The Wizards Guild in Trollworld


Earlier in the week, I received my copy of Deluxe Tunnels & Trolls.  Although I have previously written about the Wizards Guild, while looking through the pages of this newest edition, I realized more can be said.  First, here is a statement made by T&T designer Ken St. Andre back in 2012, when dT&T was first contemplated:
...magic items are...commonly available and...often sold to warriors.  It's all part of the power struggle between different factions and guilds.
Next, we must look into Trollworld's history.  “Wizards of enormous power, almost gods” along with their “subject races” (including dwarves and humans), started to arrive at Trollworld through “dimension-spanning gates” over 70,000 years before the 'current' Tunnels & Trolls setting.  After twenty millennia, the 'Wizard Wars' began; concluding 45,000 years later.  At that time, 829 “great wizards, beings of such power that they find themselves unable to be harmed by their colleagues,” met in an assembly.  The “god-wizards agree[d] to retreat to their own limited domains and no longer strive to dominate Trollworld” and to allow the subject races “to seek their own destinies.”

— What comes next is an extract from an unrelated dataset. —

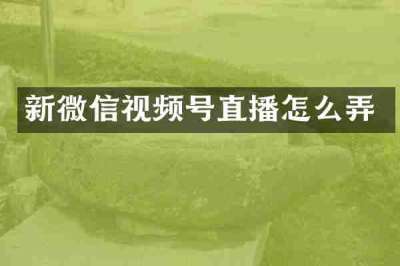 新微信视频号直播怎么弄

Not quite a thousand years prior to the “current age of events and places as shown in Deluxe Tunnels & Trolls” occurred the “Magic Plague.”  During the Plague, “The cities of the Dragon Continent experience[d] a great upsurge in crime, most of it committed by criminals using magic powers.”  Khazan – a prominent wizard – founded the Wizards Guild so “that wizards should have training and ethics and someone to be responsible to.”  The Wizards Guild is...
...an organization for the training and betterment of wizards everywhere.  The guild, at its own expense, to train and care for any child with magical abilities.  Along with sorcerous training, the guild also trie[d] to impart ethical training...
Although Khazan is an elf, the Wizards Guild is run by humans and page 170 suggests that each race – or “kindred” – has its own Wizards Guild.  This is odd in that leprechauns “are rarely on good terms with the official Wizards Guild...”  (Edition 5.5 of Tunnels & Trolls specifically states that “Leprechaun lords won't allow the Guild to open branch offices in their area.”)

Additionally, guilds other than the Wizards Guild have access to magic spells:
These guilds have gained knowledge of spells useful to their profession and will teach them to guild members – even including citizens – for exorbitant prices.  Some of these spells are virtually the same as wizards' spells, while others have developed in different directions.  Thus the Carters Guild knows a spell for controlling draft animals; the Smiths Guild knows one for heating and softening metal; the Farmers Guild knows one for making it rain, and so forth.  Magic is ubiquitous in Trollworld.
Although ubiquitous, Trollworld magic is hardly static.  As stated in an earlier post, there are ten schools of magic in dT&T.  In the seventh edition of Tunnels & Trolls, “magic...was divided into four broad schools...”  Such changes in the rules are reflected in the 'backstory' of the setting.  Originally, casting a spell temporarily depleted points of the 'Strength' attribute (as a measure of fatigue). Eventually, a new attribute was added:  “Wizardry is the measure of how much kremm (magical potency, also called mana) that [a] character can store and channel for purposes of magic.” The Trollword Timeline (dT&T page 272) tells us that...
Khayd'haik, the trolf (half troll, half elf, with Trollish ancestry predominant) wizard explains his new understanding of how to use kremm, and within a few years this new understanding of magic fills the world.  No longer is Strength used to power spells.  The new attribute of Wizardry has been identified and isolated from Strength, and spells are now powered by WIZ.
We are also informed there may be variations in magic in different parts of Trollword.  For example, page 98 states, “There are rumors that luck is used in place of wizardry in a far distant land!”

Theoretically, the Wizards Guild could provide all manner of magical accessories at appropriate, substantial prices; however, this could easily throw “the game's playability out of whack.”  Even though magic may be ubiquitous, it is not necessarily harnessed easily; fashioning “really reliable magical artifacts” is seemingly a lost art.  However, “Today's wizards have relearned the basics of enchanting less powerful items but even the Guild's archmagi cannot ensure top-quality products that perform with the reliability of a spell cast by a competent magician.”  According to page 142, “Due to the warpage of reality represented by [magic] items, it is recommended that no character be allowed more than one...per character level.”   Additionally, “Carrying more than this results in interference waves and quantum entanglement, with unpredictable results.”  As St. Andre wrote, “[I]f everything is magic, then nothing is magical.”